Saffer Plumbing, Heating & Electrical in Baltimore: Licensed Electrician for Residential Panel Upgrades and Inspections
Saffer is a licensed electrical contractor operating in the Baltimore area, handling residential rewiring, panel replacements, inspections tied to sales or code compliance, and general troubleshooting. The business operates as a single-trade electrical firm, distinct from the larger supply-and-service model of national chains, and sits in the middle market of Baltimore's electrician landscape: priced above handyman services but without the markup of emergency-only specialists.
What Saffer actually does
Saffer performs licensed electrical work that requires permits and inspections. This includes 200-amp and 150-amp panel upgrades (common in older Baltimore rowhouses moving toward modern appliance loads), service-entrance replacements, circuit additions, outlet and switch installation, and pre-purchase inspections for home buyers. The business does not handle HVAC or plumbing despite the company name, which reflects older branding; focus is strictly electrical.
Services and pricing
Panel upgrades in Baltimore typically run $2,500 to $5,000 depending on whether the existing disconnect switch and meter base require replacement alongside the panel itself. Service-call rates for diagnosis and smaller repairs (outlet replacement, circuit troubleshooting, light fixture installation) are usually quoted per job rather than hourly. Permits, required for most panel work in Baltimore, are typically included in the quoted price or itemized separately; expect an additional $200 to $400 for the city permit and inspection fees.
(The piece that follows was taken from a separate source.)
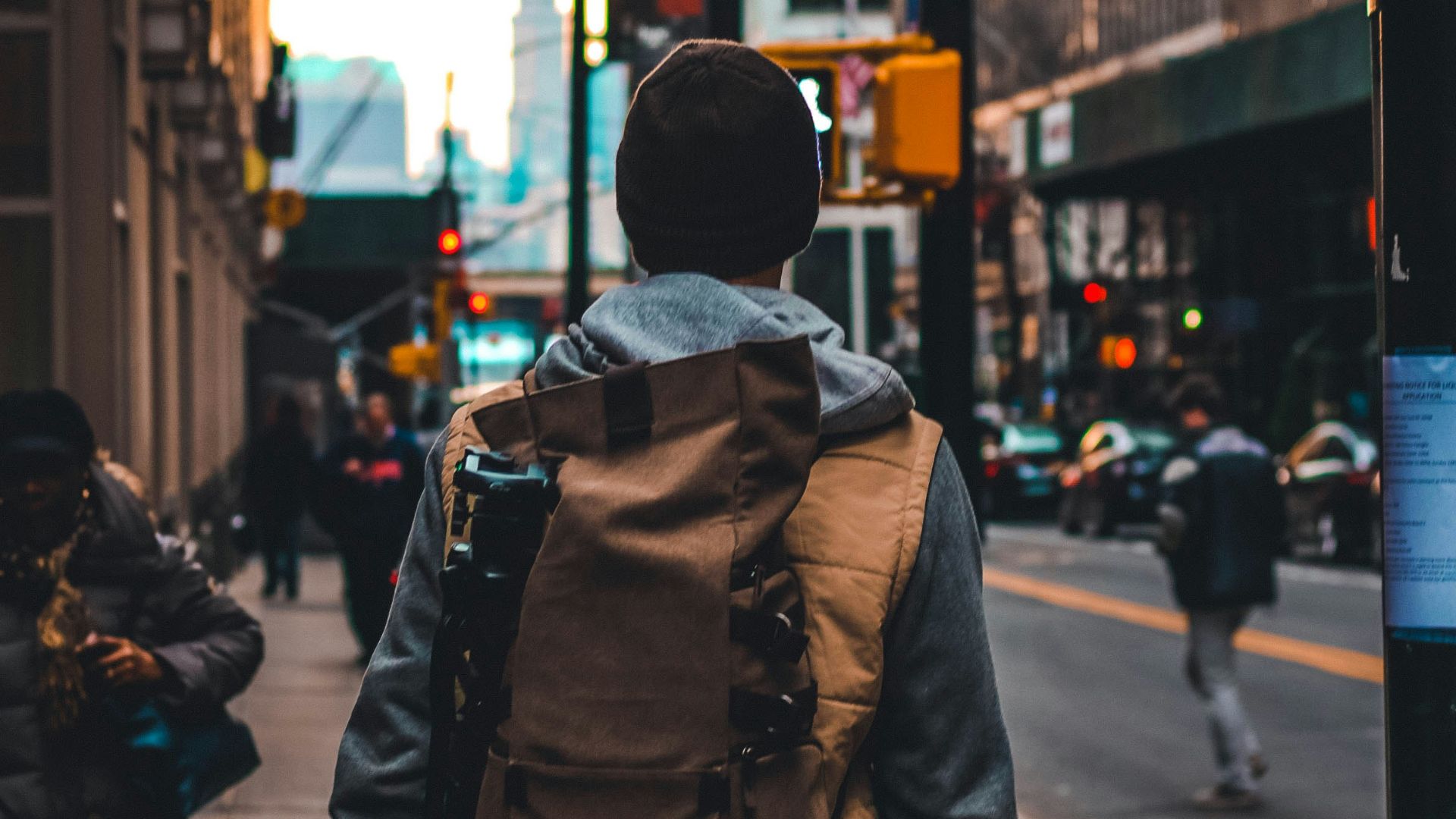 man walking beside road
Saffer handles the permit application as part of the job.
For a pre-purchase electrical inspection (recommended in Baltimore's stock of pre-1950s rowhouses), expect to pay $300 to $500, a figure that varies by home size and inspector demand. Call to confirm current rates; service pricing fluctuates with material costs.
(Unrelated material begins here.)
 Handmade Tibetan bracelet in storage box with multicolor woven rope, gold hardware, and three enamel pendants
How Saffer compares to other Baltimore electricians
Baltimore's electrical market splits into three tiers. Emergency-response shops like Rotline and Roto-Rooter's electrical division prioritize speed over price, with service calls running $150 to $250 before any repair work. Large national chains offer consistency and financing options but carry overhead passed to the customer. Saffer occupies the local, established-contractor space: no emergency markup, no chain-store premium, but also not a one-person side business. The tradeoff is reliability and licensing verifiability against the lower price of an unlicensed handyman (which introduces liability and code-violation risk in Baltimore, where rowhouse electrical systems are tightly regulated).
Choose Saffer for planned work, panel upgrades, and inspections where quality and code compliance matter more than same-day response. Choose an emergency specialist if your power is out and you need someone in the next two hours.
Who it suits and who it does not
Saffer suits homeowners in Baltimore doing panel upgrades, renovation projects requiring new circuits, pre-purchase inspections, and buyers of older homes who need electrical code documentation. The business also works well for landlords bringing properties into compliance.
Saffer is not positioned as an emergency after-hours service. Outages at midnight or weekend electrical failures requiring immediate temporary fixes are better handled by an emergency electrician willing to charge premium rates for availability.
What the first visit involves
For panel work, an initial visit or phone call establishes your current service size (found on the meter), the desired upgrade size, and whether the existing meter base can be reused. The electrician will walk the home to identify the main panel location and any obstructions. A written estimate will specify the new panel rating, materials, labor, and permit costs, along with the expected timeline (typically 1 to 3 days for a full upgrade).
For an inspection, the electrician walks the electrical service, outlet and switch placement, grounding, and any visible hazards, then provides a written report with photos and code citations if issues exist.
Hours and logistics
Saffer operates Monday through Friday during standard business hours; confirm current hours and whether weekend appointments are available by calling. The business serves Baltimore and immediate surrounding counties. No appointment-scheduling website exists; inquiries go through phone or email. Parking in Baltimore rowhouse neighborhoods is street-only, which is normal; arrange parking on your block before the appointment.
A licensed electrical contractor held accountable to city inspections is the standard for major work in Baltimore. Saffer meets that baseline and avoids the delays and rework that unlicensed work often triggers.